I think I work well under pressure. I do like extra pressure because it motivates me, it makes me want to do it right and do it well.
It was extra pressure but you have to rise to the challenge and thankfully I have a good support team around me – I have friends, I have family, I have good support.
You originally got into comedy because some of those friends forced you onto stage at a club. In hindsight, do you think you would have got up onto stage of your own accord?
I don’t think I would have, to be honest. I really don’t. For years I’d pondered, I’d always thought about doing comedy but I never had the backing and it’s such a difficult thing to do without someone having faith in you. I think that goes for a lot of things you do in the public – so it’s really a situation where I owe a lot to my friends. If it wasn’t for them I don’t think I would have gone on stage.
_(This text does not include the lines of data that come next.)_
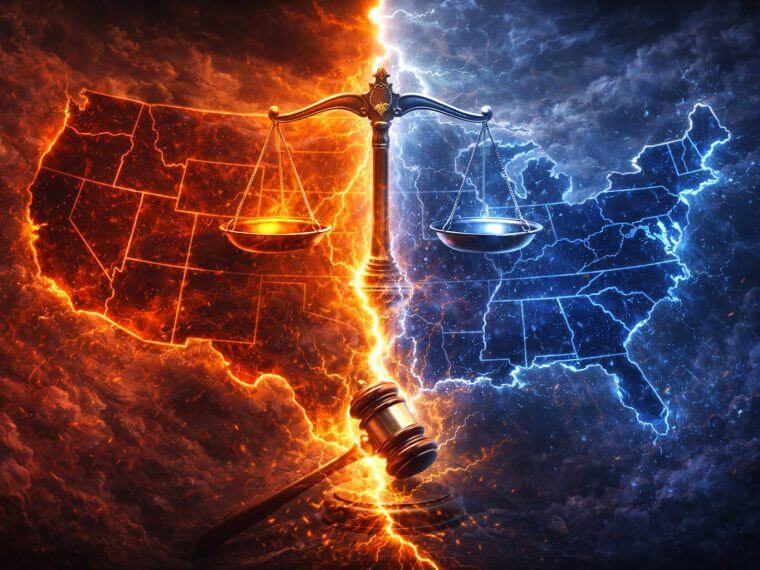 CFTCPredictionMarketJurisdictionBattle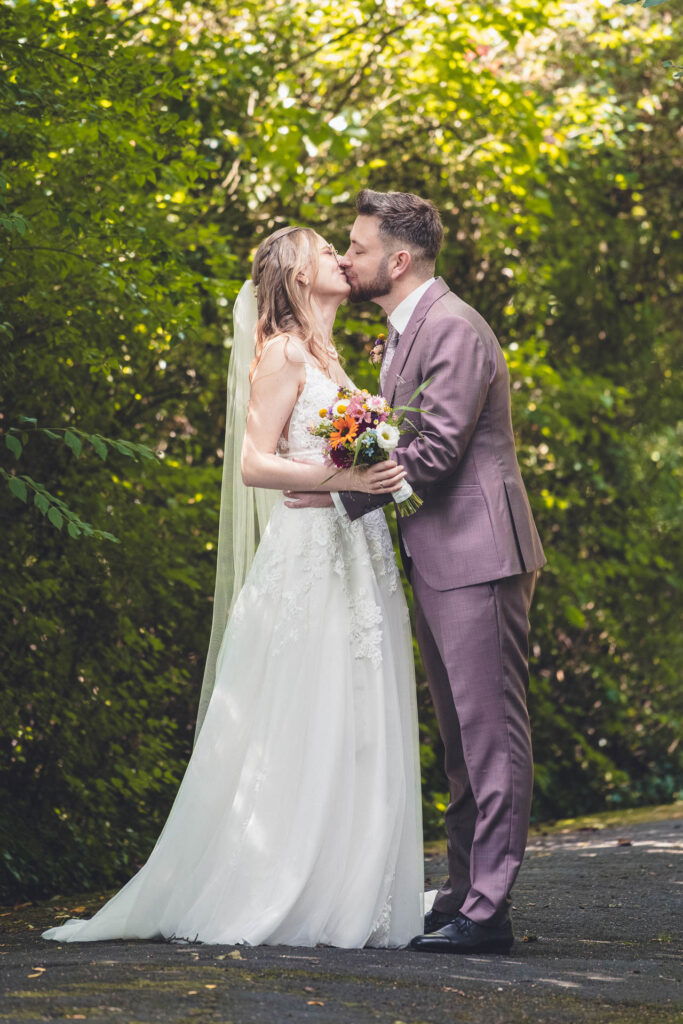 Paarfotos Gailscher Park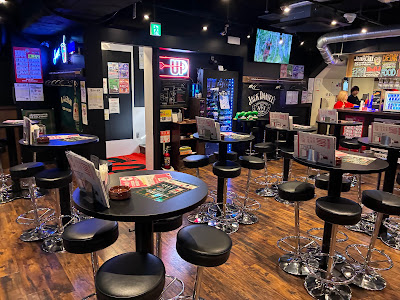 DartsUP西新宿2号店 사진 3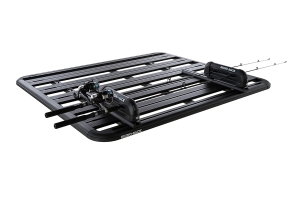 Rhino Rack Pioneer Accessory Bar Kit w/ ZWIFLOC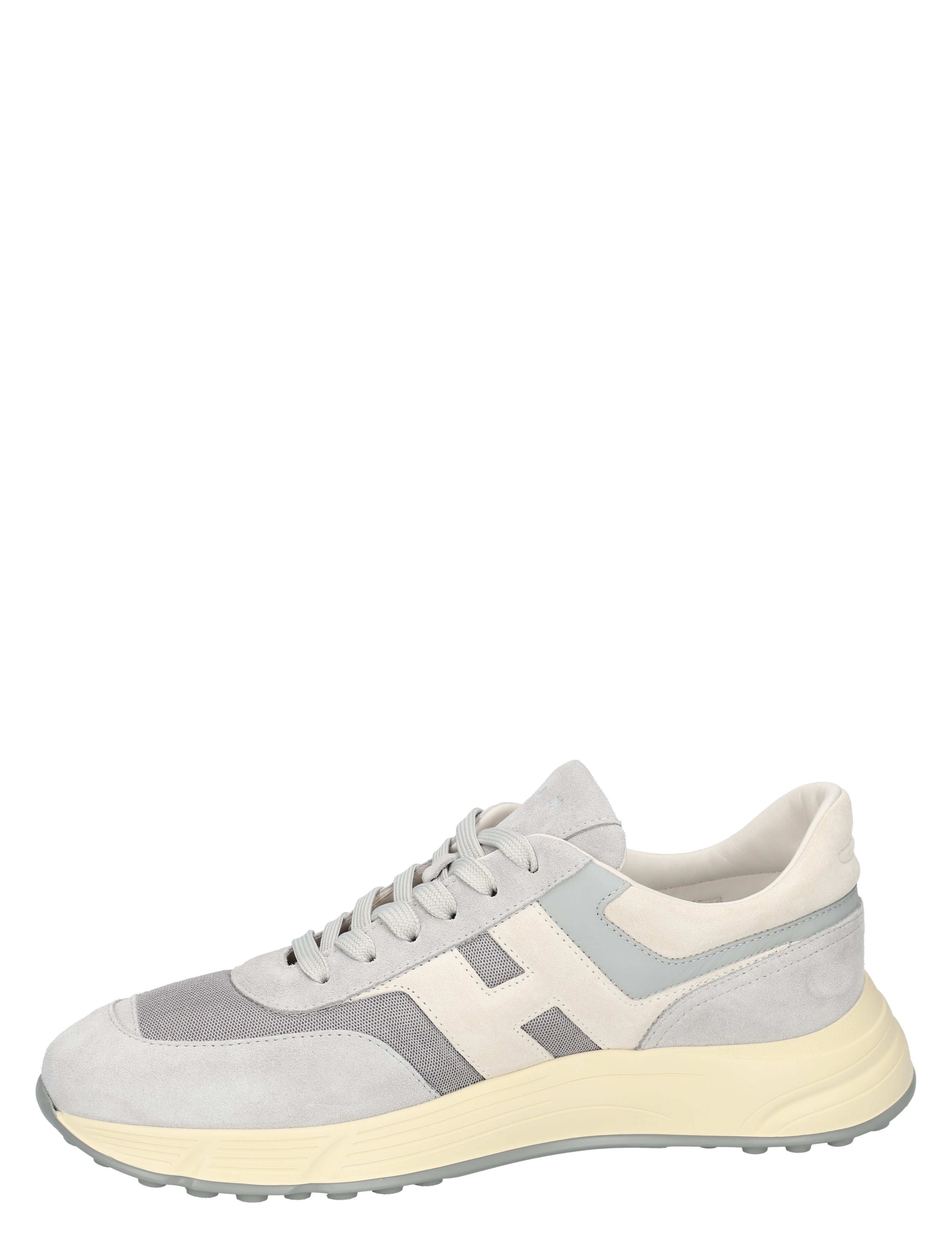 Hogan - Hyperlight  Grey - Heren - Lage Sneakers - Sneakers - 49675_99_2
You’d made a name for yourself as a radio and TV presenter before launching your comedy career, but have you ever had to take on any strange jobs to pay the rent?
I once worked at an arcade but that wasn’t really a job – I just sat around and played games. I was the manager but my job was also to introduce people to new games. People aren’t very quick to spend money on something they don’t know how to play, so once they’ve seen somebody else playing it they’re more likely to spend their money.
Are you still into playing games?
Very much so. I love escapism.
What is it about comedians and games? Loyiso Gola is just obsessed with ‘Fifa’.
I’m not as keen on ‘Fifa’ as Loyiso is but he needs to practice because I whip his ass all the time. It’s one of those things. I understand why he’s so keen – he needs as much practice as he can get. [laughs]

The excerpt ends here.